Yaşanan trafiğin farkındasınız. Trump'ın Temsilcisi Barrack ve CENTCOM Komutanı Cooper önce Suriye'nin kuzeyine, sonra SDG elebaşı Mazlum Abdi'yle Şam'a gittiler. Daha sonra Suriye Dışişleri Bakanı Şeybani Ankara'ya geldi, Bakan Fidan ile görüştü. Daha sonra pazar günü Ankara'da Dışişleri, Savunma Bakanları ile istihbarat başkanlarının katıldığı bir zirve yapıldı. Muhtemelen; Suriye'nin güvenliği, istikrarı ve toprak bütünlüğü, Ankara-Şam arasında yapılacak geniş kapsamlı güvenlik anlaşması, Suriye ordusunun (kitlesel) eğitimi, Suriye askeri kapasitesinin güçlendirilmesi masaya yatırıldı.

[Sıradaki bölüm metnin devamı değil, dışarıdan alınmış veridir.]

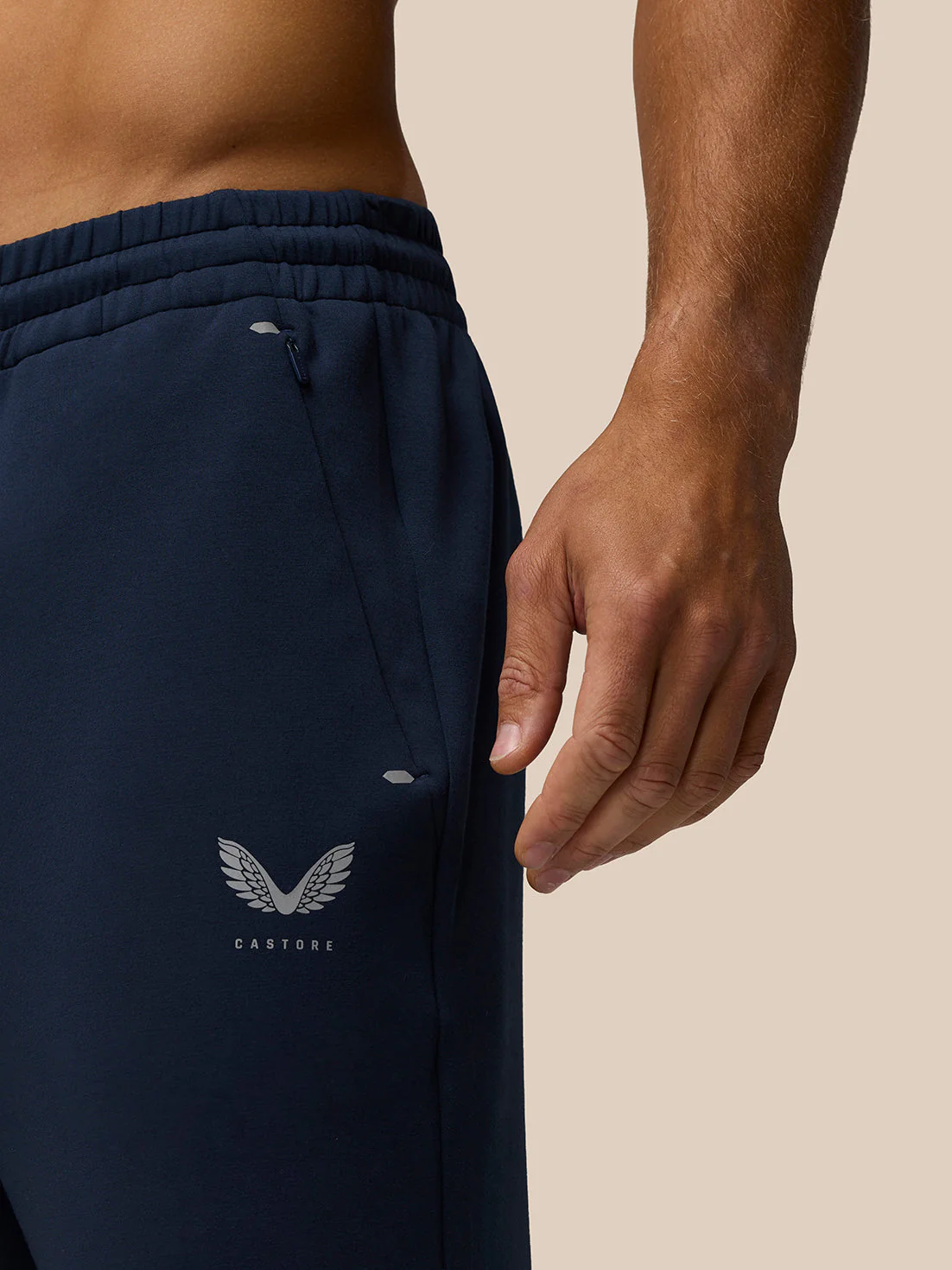 TRAVEL LIFESTYLE JOGGERS - NAVY - Image 4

SDG'DEN ENTEGRASYON KARARI

Ankara'nın SDG'nin silah bırakarak Şam'a entegre olmasını istediği biliniyor. Şam da aynı pozisyonda. SDG ise ademi merkeziyetçilik talepleri ve anayasal beklentilerin yanı sıra Suriye ordusuna kolordu düzeyinde, bölgesel ve blok olarak katılmak istiyor. Yani kontrolü altındaki bölgede, silah bırakmadan.

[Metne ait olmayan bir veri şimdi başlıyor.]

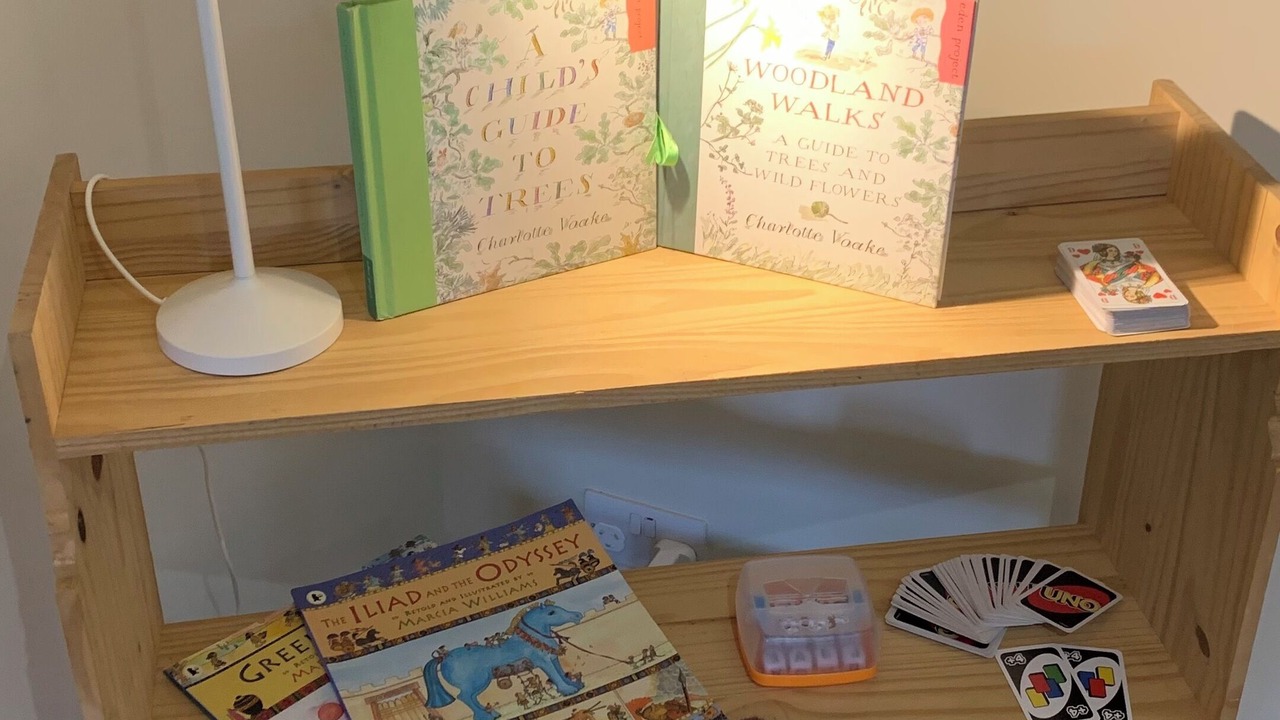 Photo of Bedroom in Orcop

SDG elebaşı Mazlum Abdi, Şara ile görüşmesinden sonra dedi ki: 'Suriye ordusuna entegre olacağız. Süreç yakında resmen başlayacak.' Şam tarafından yalanlanmayan ilginç bir bilgi de verdi: 'SDG, Suriye'nin tamamında DEAŞ ile mücadele edecek.' Peki, Şam 'Blok katılımı' reddederken ve bundan geri adım atmazken bu nasıl olacak?

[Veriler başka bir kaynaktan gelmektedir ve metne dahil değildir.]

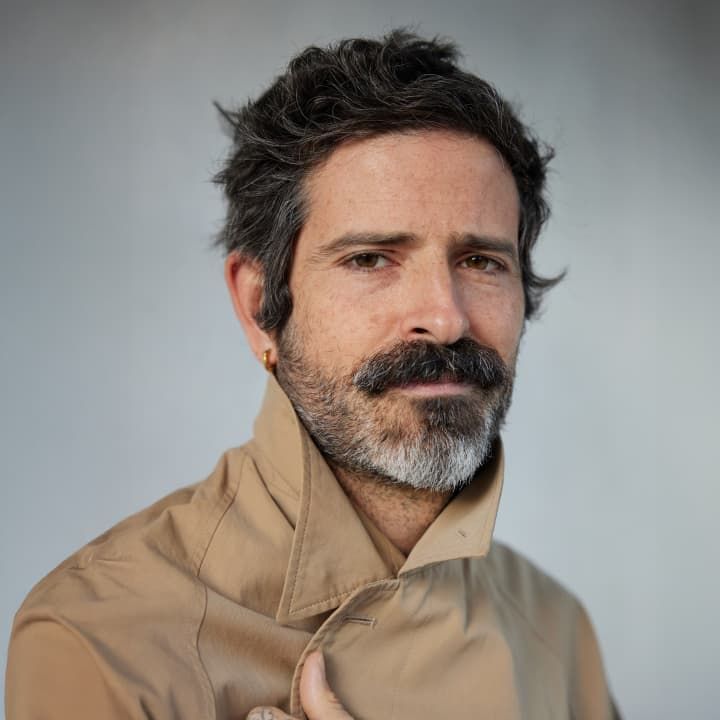 Devendra Banhart en el Teatro Lope de Vega in Madrid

Abdi'nin 'Suriye'nin tamamı' vurgusu bende, tarafların (Şam ve SDG) beklentilerini yüzde yüz karşılamasa da bir ara formülün oluştuğu düşüncesine yol açtı. Bu nasıl olacak? Bekleyip göreceğiz. Artısı nedir, eksisi nedir? Daha çok konuşacağız. Bu konuda yaşanacak pozitif bir gelişmenin Terörsüz Türkiye sürecini hızlandıracağını da vurgulayalım.